— Short web captions —
******************************
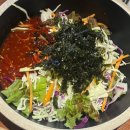 다승프라자 | 상동역 술집 [더맛있는 족발보쌈] 후기 네돈내산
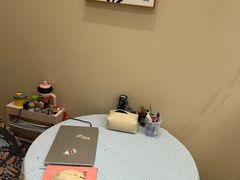 -ME Marvel English 麦迩威英语(万象城校区)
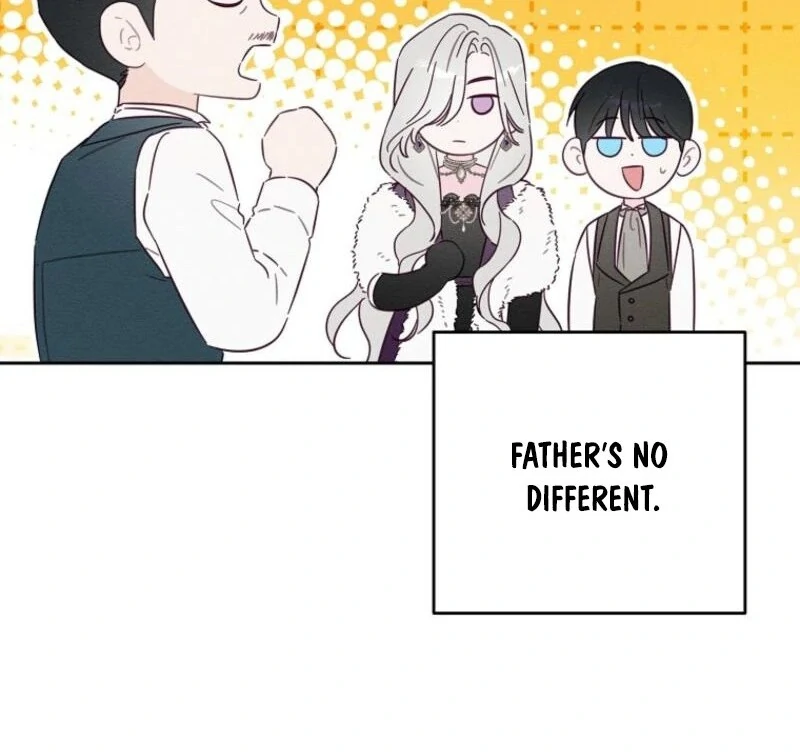 Let’s Hide My Younger Brother First chapter 99 page 42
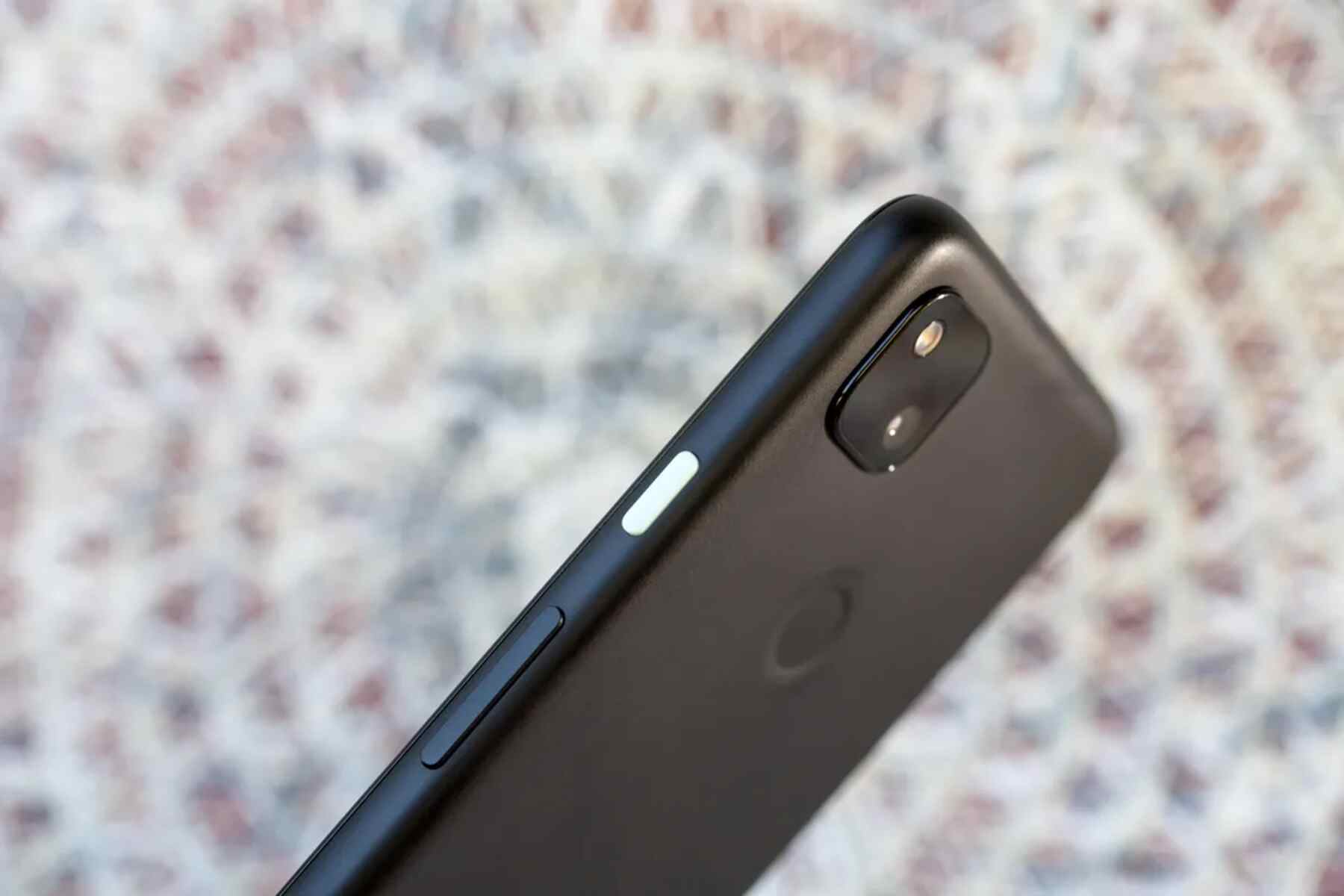 Managing Connectivity: Turning Off Mobile Data On Pixel 4A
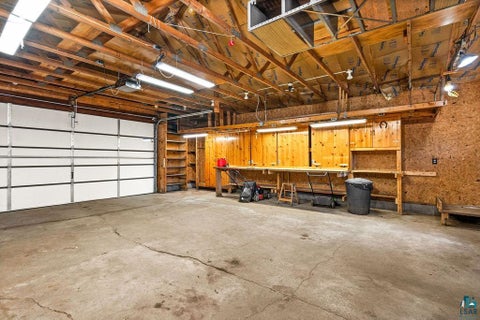 Tiny photo for 1417 103rd Ave W AVE, Duluth, MN 55808 (MLS # 6126598)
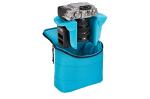 Thule EnRoute Camera DSLR Backpack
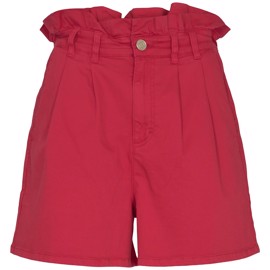 Shorts S222286 Red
******************************
— TASK BRIEF —
Each record above should come back exactly the same, only without its pictures.

— SOLUTION FOR THIS PROBLEM —
 다승프라자 | 상동역 술집 [더맛있는 족발보쌈] 후기 네돈내산
 -ME Marvel English 麦迩威英语(万象城校区)
 Let’s Hide My Younger Brother First chapter 99 page 42
 Managing Connectivity: Turning Off Mobile Data On Pixel 4A
 Tiny photo for 1417 103rd Ave W AVE, Duluth, MN 55808 (MLS # 6126598)
 Thule EnRoute Camera DSLR Backpack
 Shorts S222286 Red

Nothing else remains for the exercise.